For a long time before the events in the summer there was no control whatever on arms shipments [to Hizbullah], so I can only imagine what kind of volume of shipments there was. Now there is an official prohibition against it. I think they are more circumspect because they know that this could be something they could be held accountable for in the Security Council. 
Are there talks between the US and Israel regarding the Shaba farms? 
I think there has been some discussion in the UN, and I think the UN might go ahead and try to work on demarcation of the border. But since I'm here I haven't had any discussions with the Israeli government about it. This is viewed as more of a New York [UN] issue, or more of an issue about Syria and Lebanon. 
Going back to Iran, former ambassador to the UN John Bolton said in an interview this week that sanctions are a waste of time. Do you think that sanctions have a chance of stopping Iran? 
Yes, I do. Iran is a mixed economy and they have a private economy. One of the reasons that the shah's government collapsed was that the bazaar deserted the shah.
I think it is inevitable that the sanctions will have an effect on international economic involvement in Iran, and I think that will effect individual businessmen in Iran, and I hope they let their government know about it. 
And some of these ayatollahs are involved in business themselves and they may start feeling the pinch.
Business people hate risk, and if you see a country under [UN Security Council] Chapter 7 sanctions and you think there is a looming crisis or confrontation between it and the international community on the horizon, you are not going to put your money in there, you are not going to send your people there. 
People don't need to make a decision, they just need to delay a decision and still have a chilling effect on the economic relations.

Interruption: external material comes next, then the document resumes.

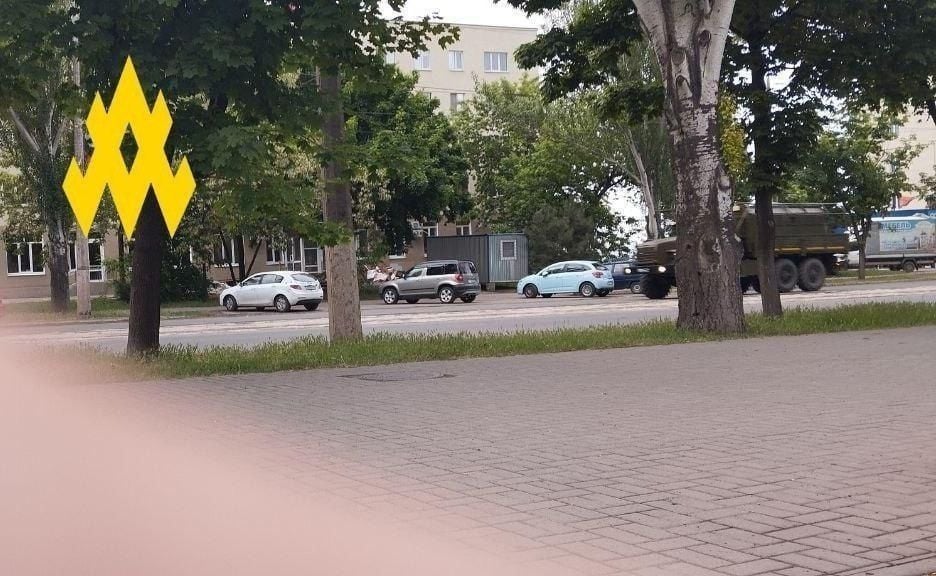 Оккупанты, напуганные успехами ВСУ, оголили защиту Мариуполя, перебросив ЗРК в Крым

And that will potentially have an impact. I just don't know how strong the consensus is inside Iran. In any country there is a spectrum of opinion, and it may be that you don't have to shift the spectrum too far in order to tip it. 

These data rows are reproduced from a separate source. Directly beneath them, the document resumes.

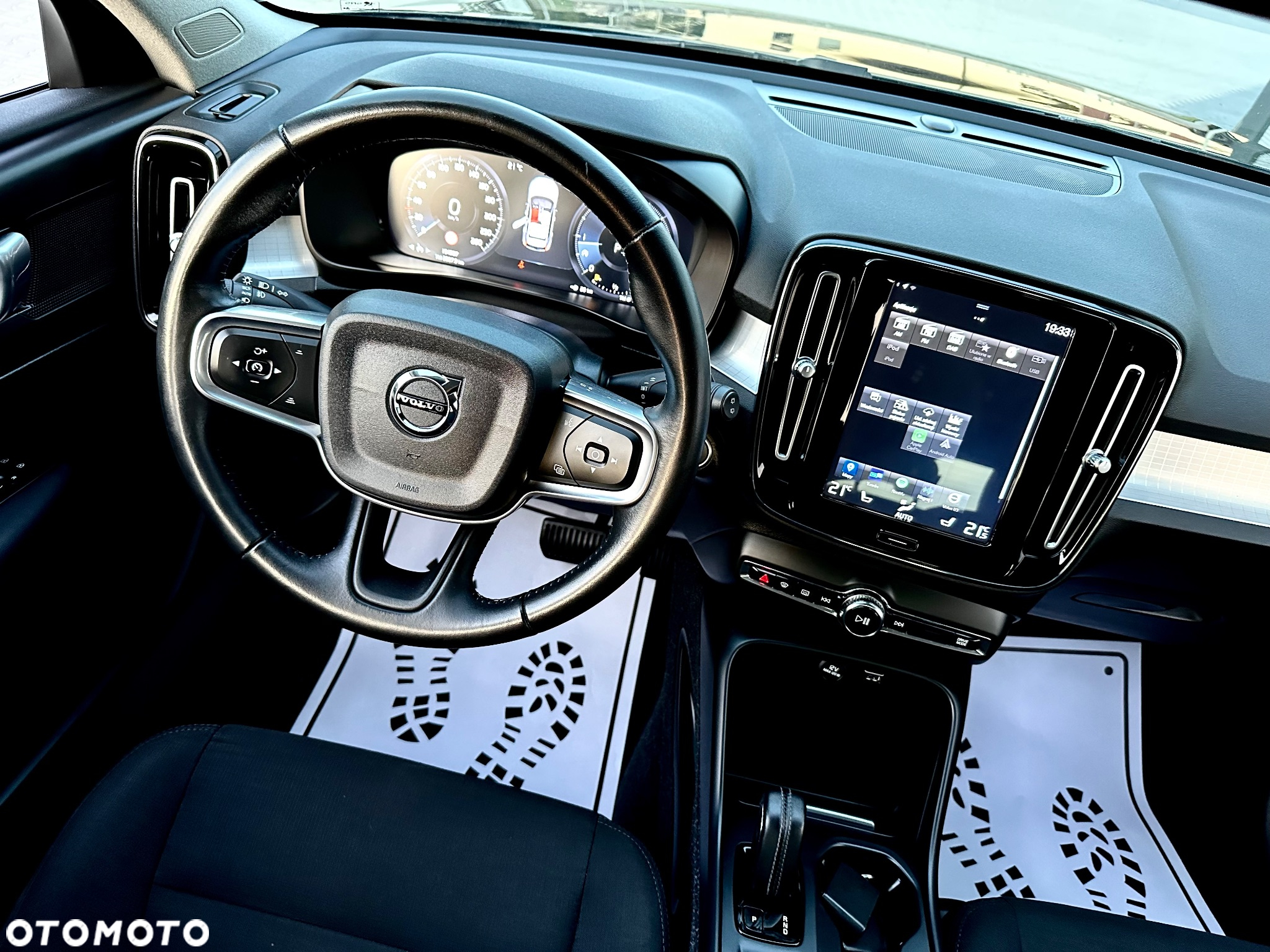 Volvo XC 40 D4 AWD Momentum Pro - 32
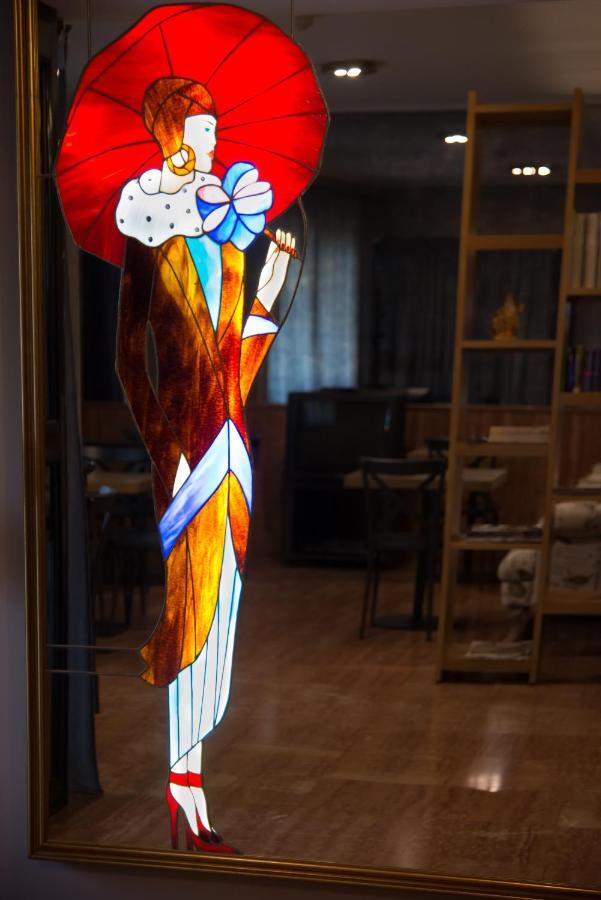 Hotel Maroussi Athena Bagian luar foto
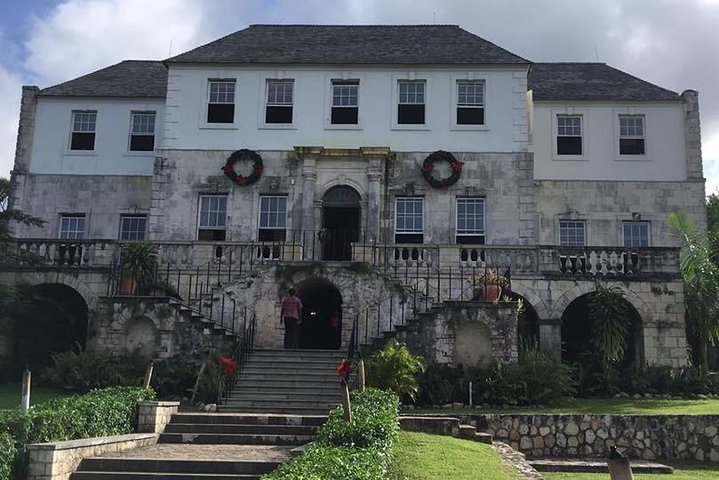 Evening Tour to Rose Hall Great House & Luminous Lagoon Night Tour Montego Bay  - Image 2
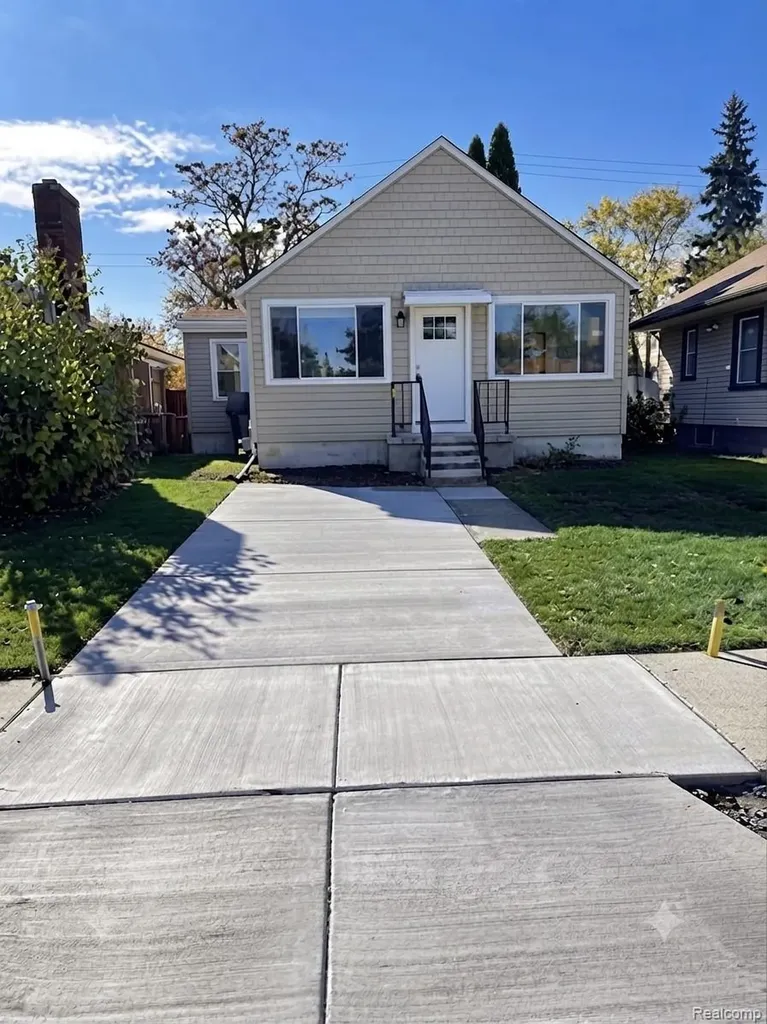 557 White Avenue Lincoln Park City MI 48146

Is the military option against Iran still out there?I think the president has made it clear that we are not taking any options off the table. It is also clear that we are really pursuing the UN route; we are pursuing the international legal route. We are pleased we got Chapter 7 sanctions. I think that is a big step forward, and it is still early in the game on that. 
Everybody says the moderate Arab regimes are concerned about a nuclear Iran, and that this comes out in private meetings. Why don't they say it publicly? 
I think you might see that type of statement at some point. I think what they've said instead is, "Well, it looks like we will have to have an interest [in developing their own nuclear capacity]." You've seen Egypt say that and Saudi Arabia say that, it's their way of [expressing concern about the Iranian nuclear program].
You have to understand that they come at things from a different perspective than Israelis and their way of expressing themselves is a little more oblique, not as blunt as Israel's are. But if you know them it comes through pretty clear, and I think those statements are pretty clear.